(DATA PROVIDED):
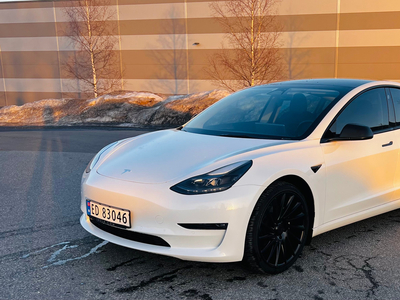 Tesla Model 3 Long Range AWD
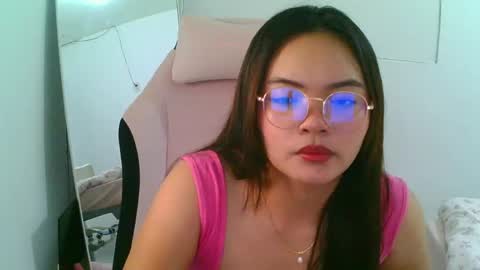 Snapshot of tammipoulton chatting on 05-24-26, 05:34 Angel online show from 05-24-26, 05:34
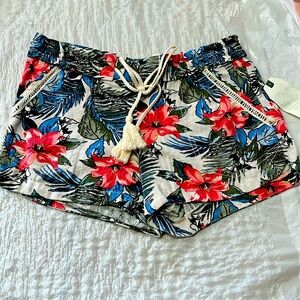 Jolt Wonens tropical shorts with pockets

(EXERCISE OBJECTIVE):
The reply must consist of the complete listing, reproduced exactly, with no images.

(RESULT):
 Tesla Model 3 Long Range AWD
 Snapshot of tammipoulton chatting on 05-24-26, 05:34 Angel online show from 05-24-26, 05:34
 Jolt Wonens tropical shorts with pockets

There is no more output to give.